Demir'e baktığımda bakışlarının üzerimde olduğunu fark ettim. Başımla görüşürüz işareti yaptım ve hızlı adımlarla Sude'nin yanına gittim.
- Vay canına! Demir Yücetekin'le mi konuşuyordun sen? dedi Sude.
- Evet, dedim.
- İyi de nasıl?
Kısaca başımdan geçeni anlattım, kızların yanına gittiğimizde hala bana gülüyordu. Nİlay ve Başak' a ne olduğunu anlattık. Nilay:
- Az önce gay diye dalga geçtiğin Demir için şimdi ayıla bayıla bahsediyorsun, dedi Nilay. Bu sözü Sude'ye gayet şaka anlamında söylemişti, ama tam arkasından Demir geçiyordu ve söylediğini duydu. Suratımdaki gülümseme yok oldu, Nilay ise hala hiçbir şeyin farkında olmadan konuşuyordu. Demir hızlıca yürüyüp gitt, sinirli görünüyordu. Arkasından kalkıp gitmek istedim ama o kadar sert bakmıştı ki oturduğum yerden kalkamadım. Sude de durumu fark etmişti.

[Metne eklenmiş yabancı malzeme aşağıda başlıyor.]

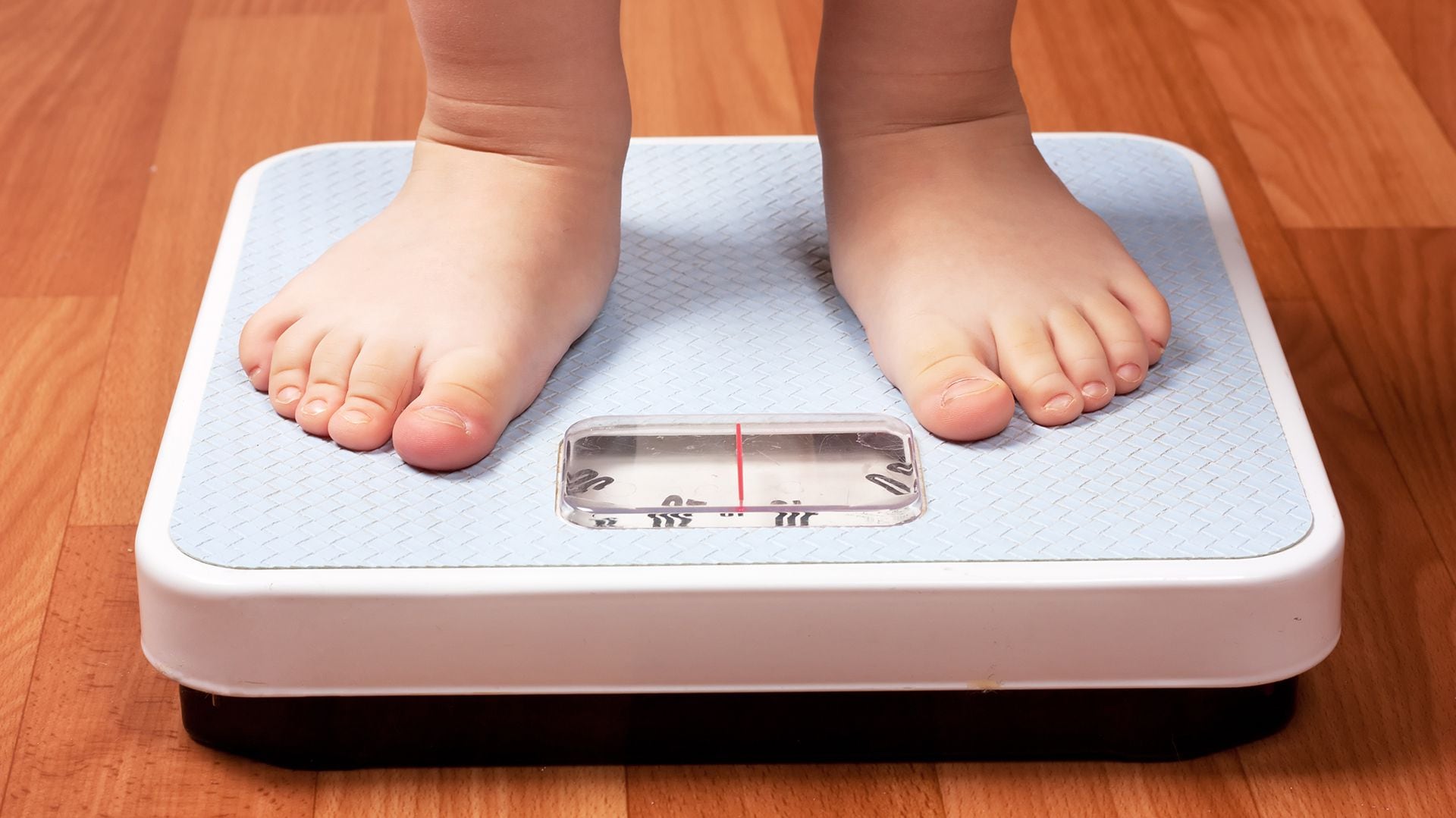 El sobrepeso y la obesidad en la infancia aumenta el riesgo de que los niños y los adolescentes desarrollen diabetes, enfermedades cardiovasculares, hipertensión arterial y algunos tipos de cáncer, y una menor esperanza de vida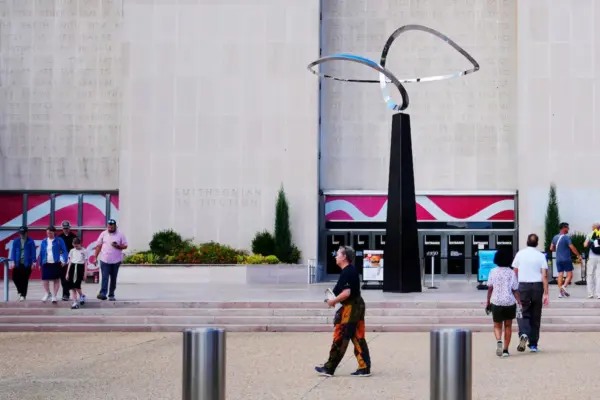 Trump ordena al Smithsonian cambiar una estatua moderna por otra de Washington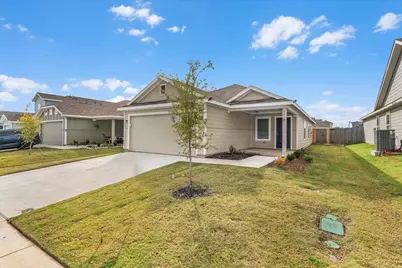1412 Silver Oak Lane, Fort Worth, TX 76140 - Photo 3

- Nilay çocuk tam arkandaydı ve söylediklerini duydu, dedim.
- Hadi ya dedi Nilay.
- Evet çok ayıp oldu, sana çok ters baktı Derin ya. Herhalde senin dalga geçtiğini falan düşündü, dedi Sude.
İçime fenalıklar geliyordu, neden bu çocukla ilgili talihsizlikler üstüste geliyordu da ben engel olamıyordum. Kızlar moralimin bozulduğunu fark ettiler. Nilay:
- Gerçekten üzgünüm Derin, hep bu salak Sude'nin yüzünden. Hem ne olacak Demir2den hoşlanmıyorsun dimi?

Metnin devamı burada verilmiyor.